Many of the smaller public libraries which are not large enough to maintain special business departments are giving most excellent service to business men. A number of the large public libraries of the country are making a specialty of serving business needs through departments organized particularly to serve business men. Some of these are the Division of Economics and Documents of the New York Public Library, the Business Men's Branch of the Free Public Library of Newark, New Jersey, the Technology Department of Carnegie Library of Pittsburgh, and the Industrial Department of the Los Angeles Public Library. The John Crerar Library of Chicago is a free reference library covering sociology and natural and applied science, which cannot be excelled by any other library collection in the United States in the facilities which it offers to business men. Every business organization should get acquainted with the public library of its city and ascertain what that library is able to do for it.
The Cost and Value of the Business Library
The cost of maintaining a business library is in no sense comparable with its value; for the help which a business library may give in a single instance is often of sufficient value to offset its cost of maintenance for a whole year. For example, a business firm had a law suit in a distant city and sent one of its employes to give expert testimony in the case. This employe found as the hearings in the case progressed, that he could strengthen his testimony if he had at hand figures showing the market price of lead for the past ten years. There was no time to spare in obtaining these data. He sent a telegram to the home office, which was received at 11:30 A. M. saying that he would call them by long distance telephone at noon and to have the figures ready. The head of the department to whom the message was addressed, with some perturbation, appealed at once to the librarian of the company, who was able in ten minutes to produce a table giving a summary of the prices desired, which had been printed in a technical journal. The company won the law suit and in comparison with the large amount of money saved, the salary of the trained librarian who knew how to meet the emergency, was a very small item.
No two business libraries are comparable as to cost of maintenance. Each must allow for financing on the basis of its individual needs and the money it can afford to spend.
If a business firm owns the building which it occupies it does not have to consider the rental of floor space for the library. If it has a liberal policy of advertising in the best technical or trade journals, it will need to spend very little on periodical subscriptions, as it will receive copies free on account of advertising. If it is a liberal user of the publications of the United States Government, it will find they cost little or nothing, and in any case the amount spent by business libraries for information special to a particular industry is never very large, because often the most valuable data cost practically nothing to secure.
Mechanical equipment, which will be discussed in chapter seven, is largely the initial expense, and the amount of money to be spent each year for additions to the original equipment will be quite small. The principal annual expenses in maintaining a business library are the salaries of the librarian, and assistants if required, and the additional expense of stenographic and office boy service.

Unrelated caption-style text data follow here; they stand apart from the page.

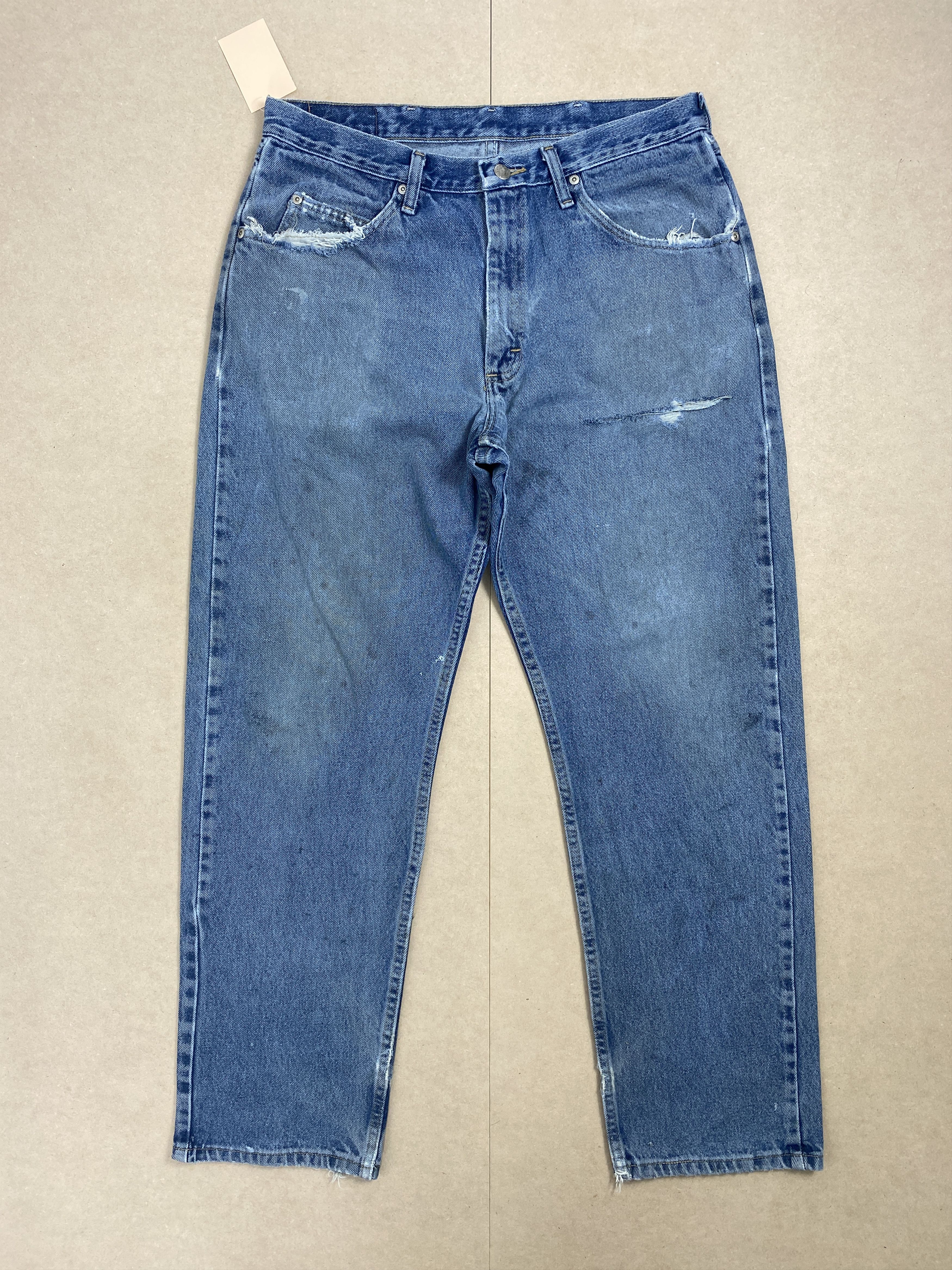 image of Vintage Wrangler Straight Cut Distressed Blue Jeans in Blue Denim, Men's (Size 34)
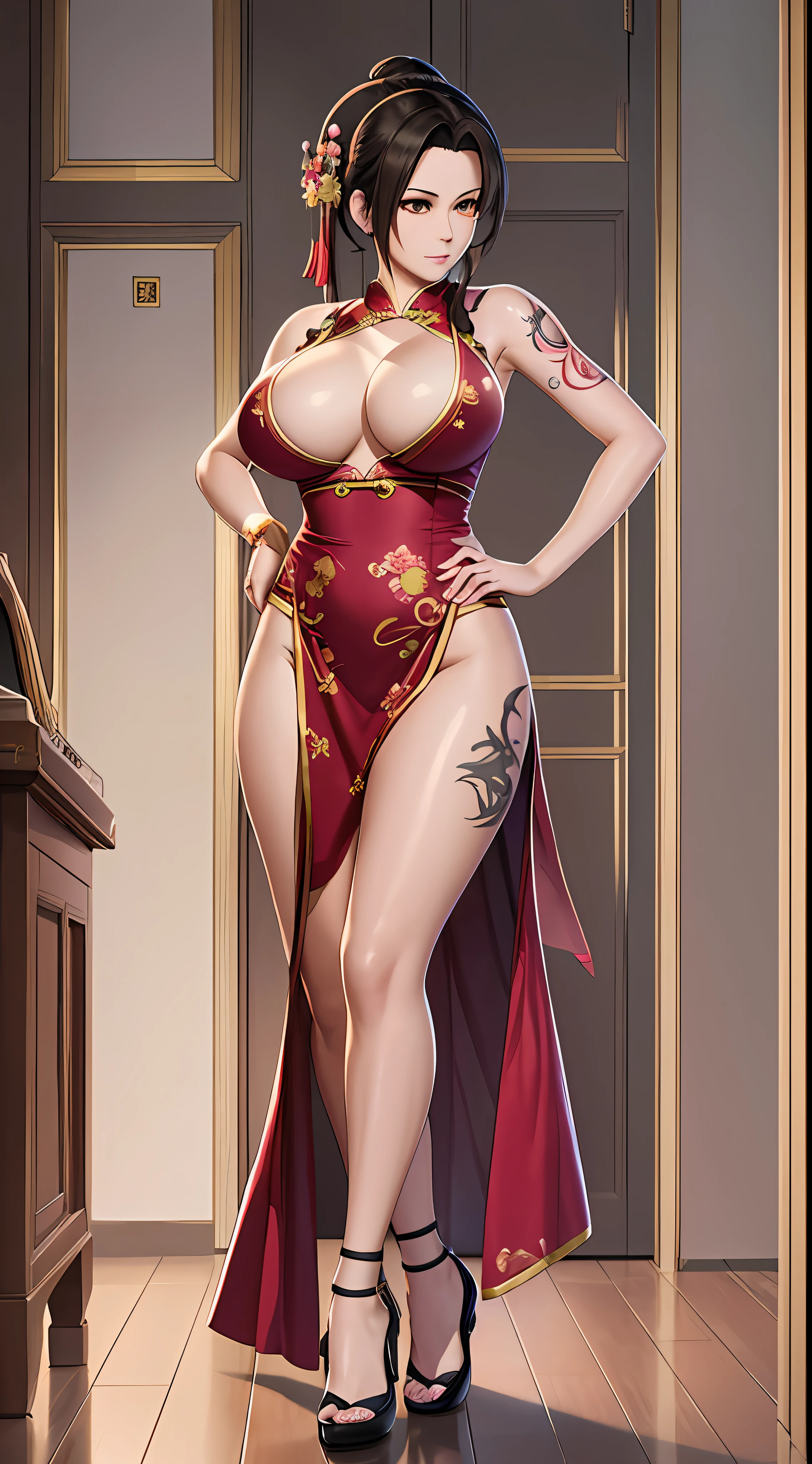 nighttime,long shot,full body,KOF:Mai Shiranui ,(Wearing Painting birds on mini-cheongsam),The mirror, Masterpiece,best quality,official art,extremely detailed 3DCG unity 8k, ( ##tattoo ##,tattoo, ~+ tattoo),(Perfect female curves, huge breast),(A seductive gaze), Facing the camera, Pink lips,Delicate fingers and hands,magic hour, Rembrandt lighting, front lighting and fill lighting, hard shadow, Arnold render,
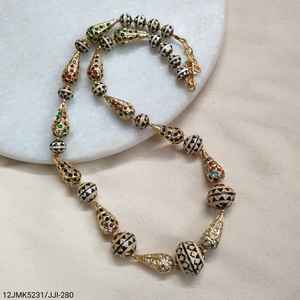 สร้อยคอ jadau meenakari สีเบจสีดำพร้อมเพชรทันสมัยห่วงโซ่ทองเหลืองคลาสสิกชาติพันธุ์รูปแบบเส้นใยออร์โธดอกซ์ - Product Image 3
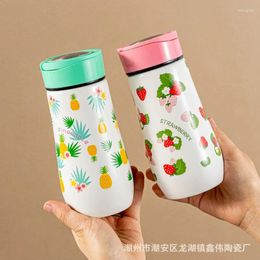 Mugs Creative Fruit Pattern Sealed Lid Ceramic Cup Internet Famous Mug Girl Heart Portable High Aesthetic Drinking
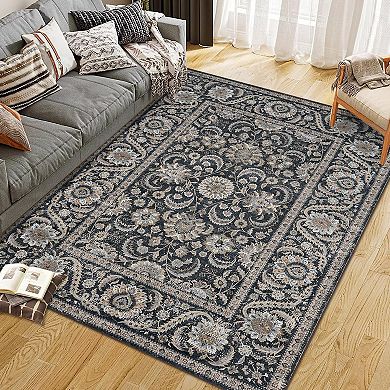 Machine Washable Area Rug with Non-Slip Backing for Living Room Dining Room Bedroom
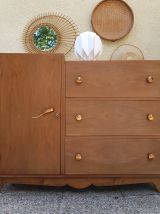 commode en bois vintage asymétrique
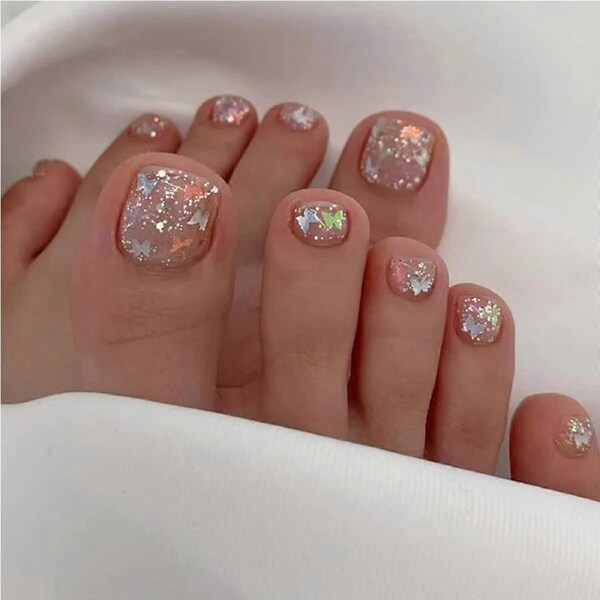 Square Short Press On Toenails Silver Glitter Butterfly Full Cover Fake Toenails with Adhesive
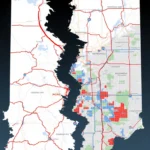 Torn Indiana map shows redistricting lines and split Indianapolis leaning Republican and Chicago.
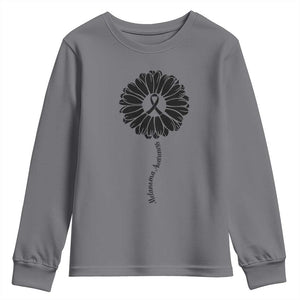 Melanoma Awareness Black Ribbon Flower Youth Sweatshirt Skin Cancer Fighter Gift TS12 Charcoal Print Your Wear
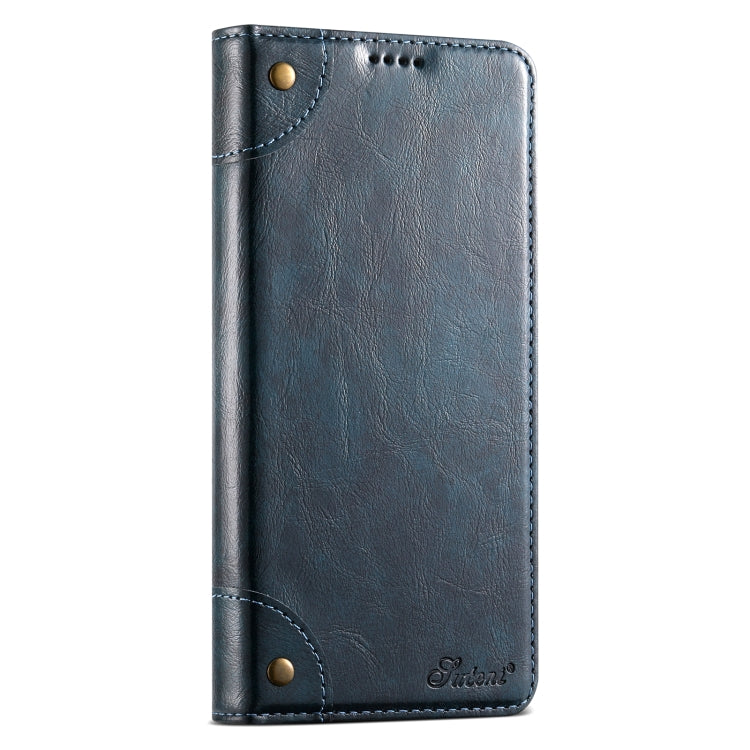 For Samsung Galaxy S24+ 5G Suteni Baroque Calf Texture Buckle Wallet Leather Phone Case(Blue)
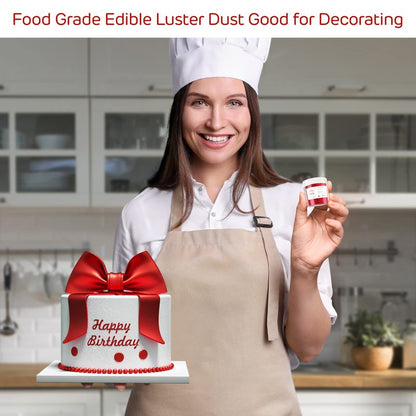Red Edible Luster Dust 10 Grams, Food Grade Cake Luster Dust Tasteless Dessert Dusting Powders for Baking Cherrysea Food Coloring Powder for Cupcakes, Cake Pops,Fondant,Chocolate, Candy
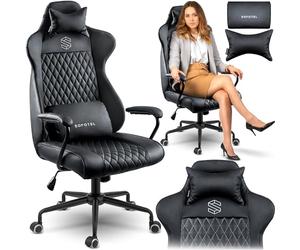 Sofotel Silla de escritorio, silla de oficina, ergonómica, giratoria, ajustable, reposacabezas lumbar, reposabrazos, SoftUp SoftUp, silla de estudio, cojín extraíble, Werona negro acolchado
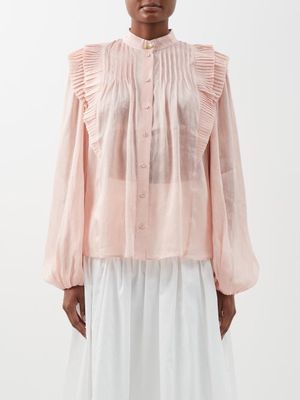 Aje - Ruffled Pintucked Linen-blend Voile Blouse - Womens - Blush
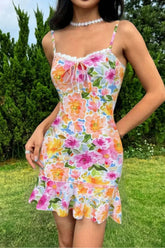 Printed Painted Backless A Line Strappy Floral Dress Colorful / S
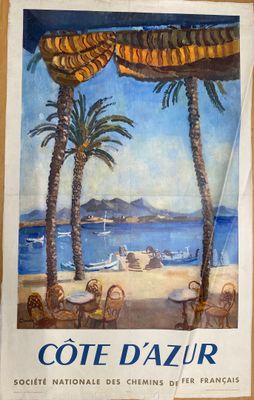 une affiche représentant une plage avec des palmiers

The great mistake made by some business firms in maintaining library service has been the employment of inadequately trained librarians who do not produce high grade results. It is this lack of library education and experience, on the part of a number of so-called business librarians, which has been a hindrance to the recognition of what the business library really is and what it can do. The writer saw, some time ago, the sorry spectacle of one of the largest corporations in the country trying to inaugurate library service under the direction of a fourteen-dollar-a-week file clerk, who had not a single educational requirement necessary for the success of the undertaking. Such firms generally proclaim business library work a failure, instead of admitting they have made a wrong start and that they should have employed a high grade trained librarian.
Many firms having well organized correspondence files, which are giving satisfactory service, have conceived the idea of adding to their established filing department, and to the duties of their head file clerk, the library service which they judge their organization demands. They fail to appreciate the fact that a filing department, while it has some mechanical technique in common with an organized library, has an entirely different purpose, and does not require on the part of those in charge, educational qualifications at all comparable to those required of a librarian who must have not merely a large knowledge of library technique, but also must know books, and have a knowledge of a broad range of sources, from which adequate information can be drawn when any problem arises; for the business librarian must be a thinker as well as a worker and not a mere clerical machine. On the other hand, the trained librarian is competent to supervise correspondence and any other kind of files if the situation demands it. The essential qualifications for successful business librarianship are stated in the last chapter.
In conclusion, it should be said, that in establishing library service, a business organization must be willing to give such service a reasonable length of time to grow into the work of the organization. A wisely selected collection of material, adapted to the needs of the business, and thoroughly organized to give quick and accurate results, should be tested just as a piece of machinery is tested, namely, set up the apparatus, put it in full operation under competent supervision, and in the case of the business library, the verdict cannot but conclusively be—"it works."